Some people like to inject their brisket with beef stock before cooking, but I’ve never needed to do such a thing. This is more common in competitions where judges may only eat one small piece from each contestant, so every single possible piece has to be perfect. To achieve the juiciness that is desired I prefer to wrap the brisket in foil after about 6 hours on the smoker, adding a little bit of beef stock inside the foil. This also helps to steam the meat past the 140°F “dead zone” or “slow zone”. Covering the meat after 6 hours doesn’t dial down the smokiness. After 6 hours, a cut of beef has absorbed about as much smoke as it can anyways. Now to the most important piece of advice about smoking brisket. Patience. Don’t open that smoker to check until you’re going to wrap it. Don’t peek, don’t take temperature, just let it be. Keep the temperature consistent and you’ll come out with a fantastic brisket.

Post Smoking

The next important step once your brisket is fully cooked to an internal temperature above 180F is to remove it from the smoker and cover it for about an hour. This lets the meat and juices rest. You’ll have a much easier time trimming and you won’t lose as much juice in that process.

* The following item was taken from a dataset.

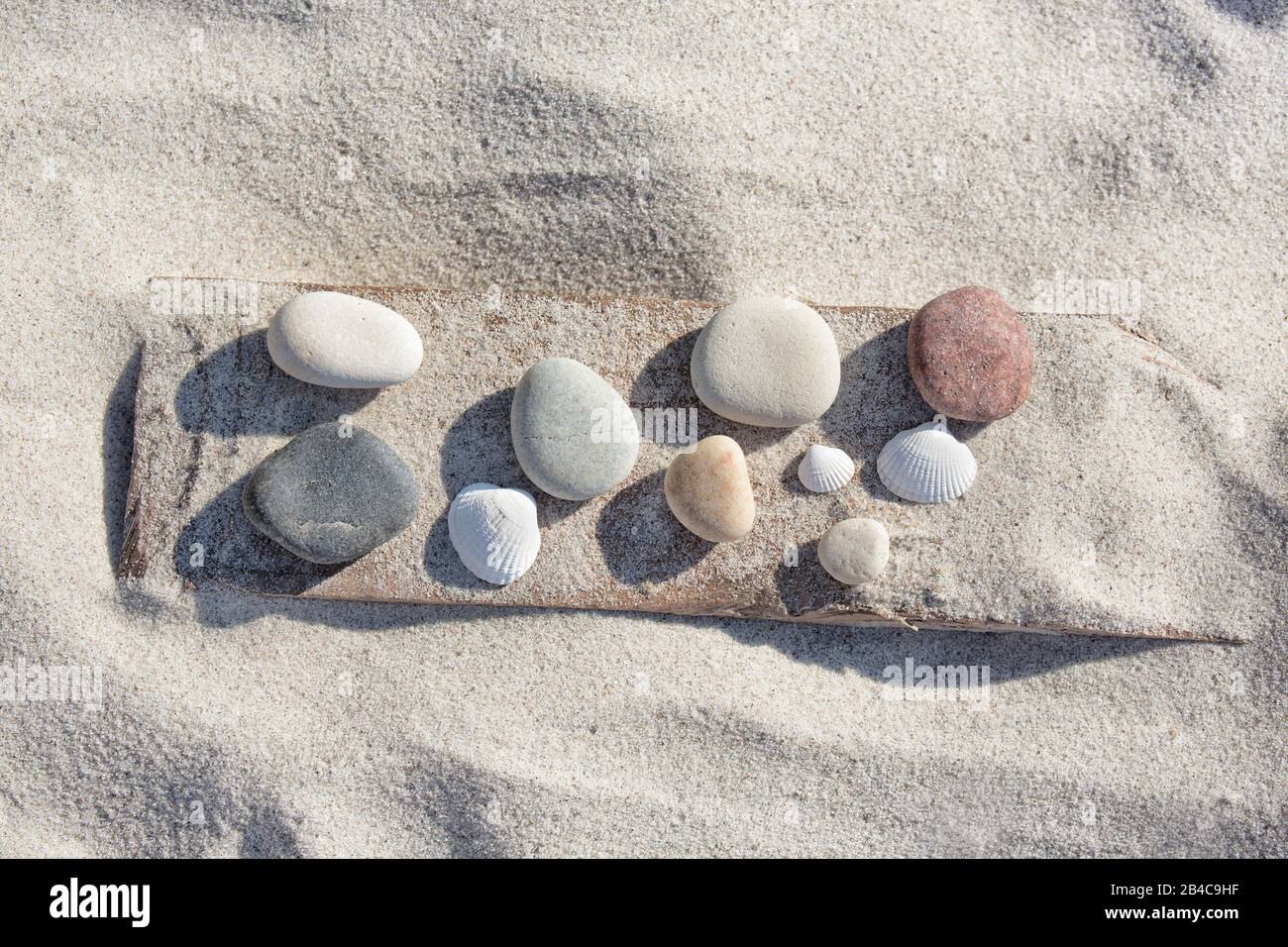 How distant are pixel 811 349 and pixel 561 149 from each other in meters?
1.02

When cutting a cooked brisket you’ll want to go against the grain and make nice long cuts on the flat. The flat is the part of the meat that has a more straight side. The point is the pointed or angled side. About 2/3 to 3/4 of the way down you’ll finish cutting the flat and begin into the point. When you do, be sure to turn to the meat to continue cutting against the grain because it changes. Next part is the best…

Eat it!

I like to have brisket in just about as many ways as possible. Plain with some barbecue sauces is my favorite but tacos, sandwiches, on salad… pretty much however you want it brisket is delicious. I served this brisket with Rasberry BBQ, Bourbon Mustard BBQ, and Honey BBQ sauces (recipe coming soon). 😉

Brisket Rub Recipe & Smoking Instructions


  • 1 tbsp salt
  • 1 tsp pepper
  • 1 tsp garlic salt
  • 1 tsp garlic powder
  • 1 tsp onion powder
  • 1 tbsp chili powder
  • 1 brisket (at least 1/2 pound per person)
  • Yellow mustard


  1. Combine all of the dry seasoning into a bowl.
  2. Using your hands, slather the meat with a little bit of yellow mustard to give the rub something to stick to. Then, apply the dry rub mixture until the brisket is nicely covered.
  3. Cover the brisket and place in the refrigerator for about 24 hours. (A disposable roast pan with lid works well.)
  4. Take the brisket out of the refrigerator about 1 or 2 hours ahead of starting the smoking process. The meat should be as close to room temperature as possible. While it rests, prepare the smoker to reach 225°F.
  5. Place the meat on the smoker fat side up. Smoke the brisket for 1 to 1 1/2 hours per pound (so, for example, a 5 pound brisket should stay on the smoker between 5 and 7 1/2 hours).
  6. After 6 hours, wrap the brisket in foil and add a little bit of beef stock inside the foil. Continue cooking until the meat reaches an internal temperature of 180°F. Then, remove it from the smoker and cover it for about an hour.
  7. Cut the brisket against the grain of the meat, then enjoy!